I am going to start a tank journal this week it looks so nice


----------



## Monster Fish

sublimescorpio said:


> Yep, they only have 100lb bags for $17 something, they have a parking lot on the block (gate is yellow).....water is a bit cloudy, but is quickly clearing up with the filter on...xxben (not his full username, cannot remember the whole thing) said to turn the filter off while putting the sand in...
> 
> I am going to start a tank journal this week it looks so nice


Oh cool. I guess Ill drive out from Queens since taking the subway while hauling a 100lb bag of sand is kinda silly.


----------



## sublimescorpio

hehe that is a good idea!
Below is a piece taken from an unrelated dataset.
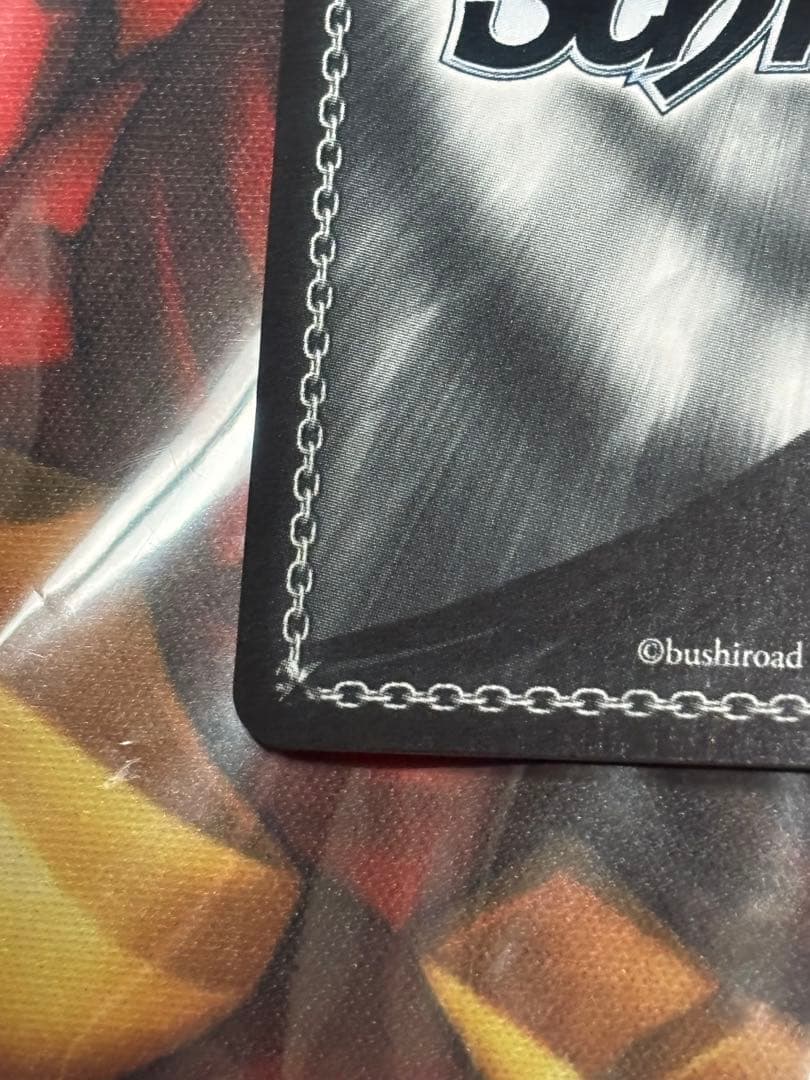 ヴァイス　冴えない彼女の育てかた　一途な彼女 恵 PR+ CXチャレンジ　優勝賞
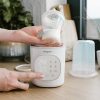 BabyOno 1599 - Digitális Cumisüveg Melegítő és Sterilizáló – Zsebi Baba Shop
Also they will put in right in the car for you....Just a note, encase you get a different guy, he suggestion to be careful picking up the bag as they rip if you pull it the wrong way...Since they are made of paper and well 100lb is heavy, I figured better safe than sorry, so I put the bag in a garage bag before taking it out of the car..


----------



## Monster Fish

Oh I could carry 100lbs just fine. And good idea on the garbage bag. I wouldn't want to carry it and have it rip open all over my car's trunk.


----------



## frrok

Haven't picked mine up yet. I don't really need it yet. But I'm glad is the good version of black beauty! With no nasties. Lol.


----------



## Lesley

From what I've read & all the info I've gathered, it's the 20/40. That's what I bought.


----------



## AnniePN

We have available a blasting sand called Black Magic, it is made in 20/40 but it is not sold anywhere in that size... the only size I can find in Oregon is called 16/40, I would think it is pretty close to the same grit size though...I hope.


----------



## frenchymasters

AnniePN said:


> We have available a blasting sand called Black Magic, it is made in 20/40 but it is not sold anywhere in that size... the only size I can find in Oregon is called 16/40, I would think it is pretty close to the same grit size though...I hope.


 
thats pretty close the size anyway....you will be fine with that


----------



## old-newbie

lol new to this forum and going to set up a 90 gl like the miracle-grow with black diamond cap so i started looking around for black diamond sand and found out its made in woodbury mn 5 miles from where i live.


----------



## Daximus

old-newbie said:


> lol new to this forum and going to set up a 90 gl like the miracle-grow with black diamond cap so i started looking around for black diamond sand and found out its made in woodbury mn 5 miles from where i live.



That exactly what I have setup. You will love it. :biggrin:


----------



## m00se

AnniePN said:


> We have available a blasting sand called Black Magic, it is made in 20/40 but it is not sold anywhere in that size... the only size I can find in Oregon is called 16/40, I would think it is pretty close to the same grit size though...I hope.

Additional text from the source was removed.